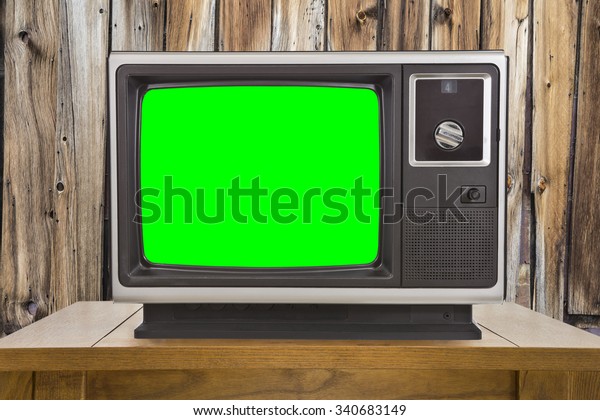 Old television with chroma key green screen and\
rustic wood wall.
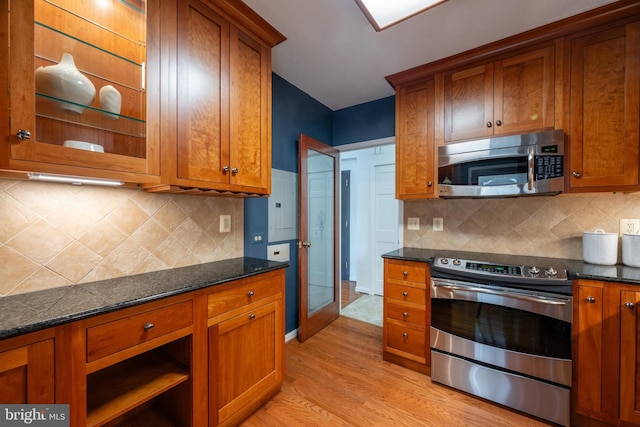 kitchen featuring brown cabinets, appliances with stainless steel finishes, and light wood-style floors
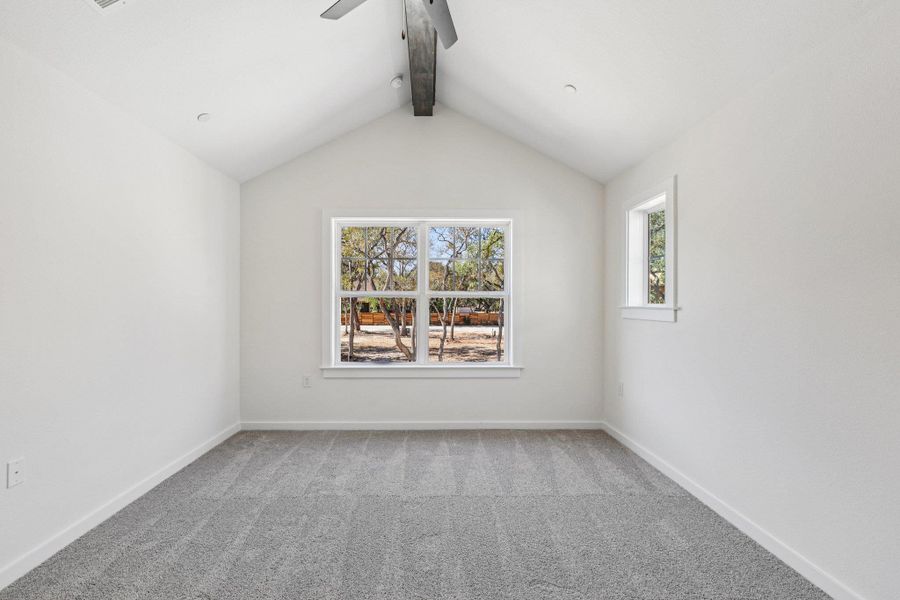 Spare room with light carpet, beam ceiling, and a ceiling fan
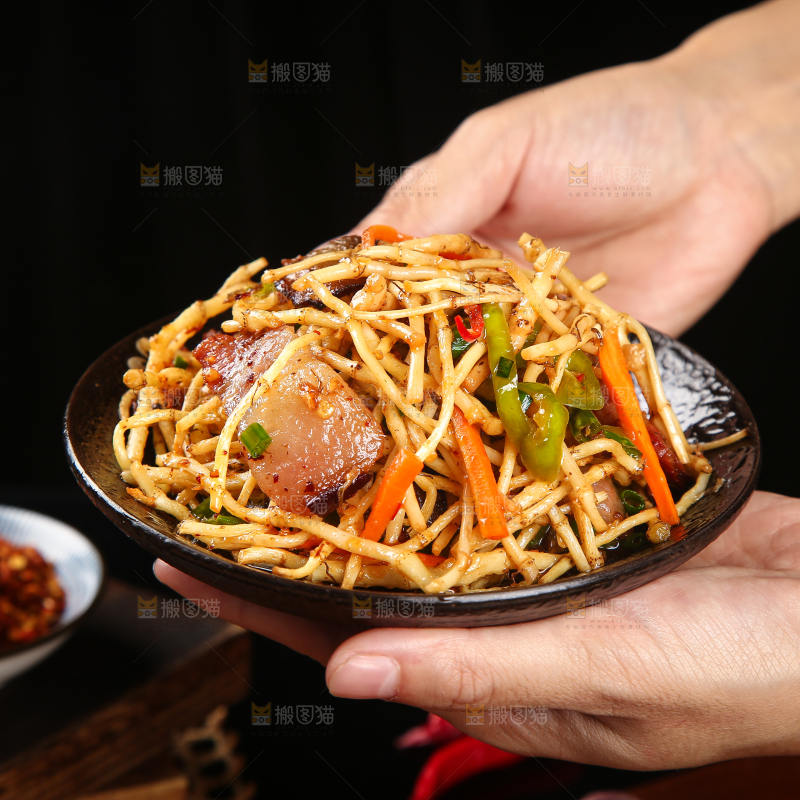 手里端着一盘腊味小炒鱼腥草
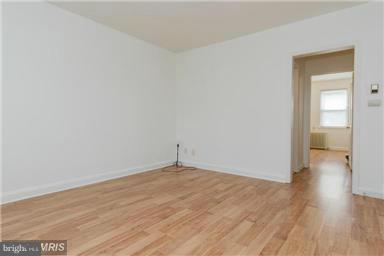2978 Cornwall Road Dundalk, MD 21222 - Photo 2 of 27 a view of a room with wooden floor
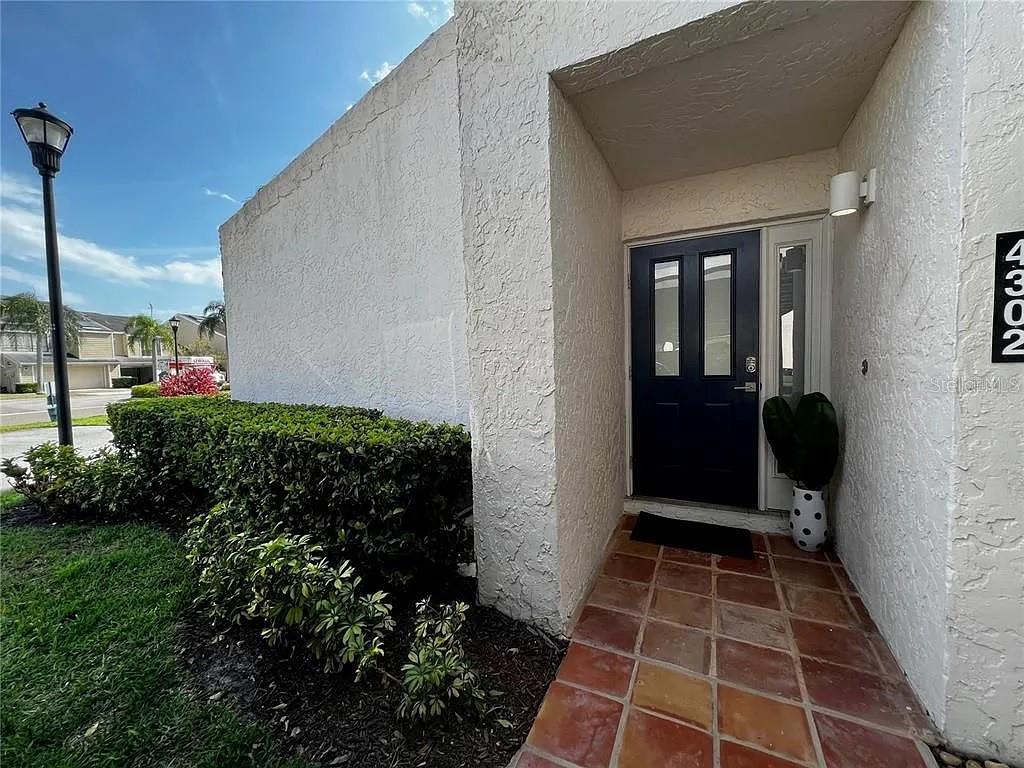 a view of a door and a window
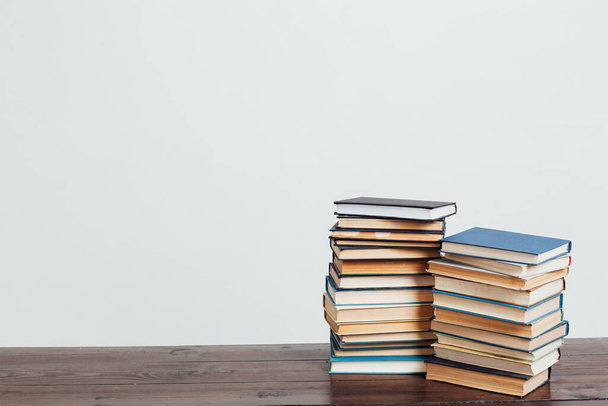 muitas pilhas de livros educacionais para ensinar em casa antes de exames em um fundo branco
 - Foto, Imagem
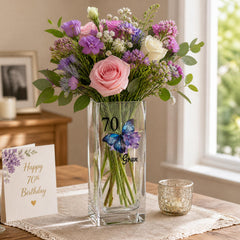 A bouquet of colorful flowers in a clear glass vase, placed on a table next to a card with a message and a small candle.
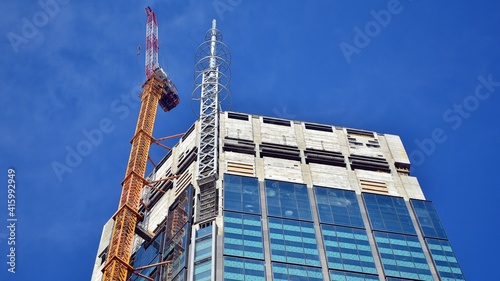 View of a skyscraper under construction. Modern architecture background. Building a high-rise building, the concept of real estate construction.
* * * *
Exercise objective.
The line that contains "muitas pilhas de" begins the part to retype, and the last line of the records above ends it. Retype both and everything between, exactly, without the pictures.

Output for this task.
 muitas pilhas de livros educacionais para ensinar em casa antes de exames em um fundo branco
 - Foto, Imagem
 A bouquet of colorful flowers in a clear glass vase, placed on a table next to a card with a message and a small candle.
 View of a skyscraper under construction. Modern architecture background. Building a high-rise building, the concept of real estate construction.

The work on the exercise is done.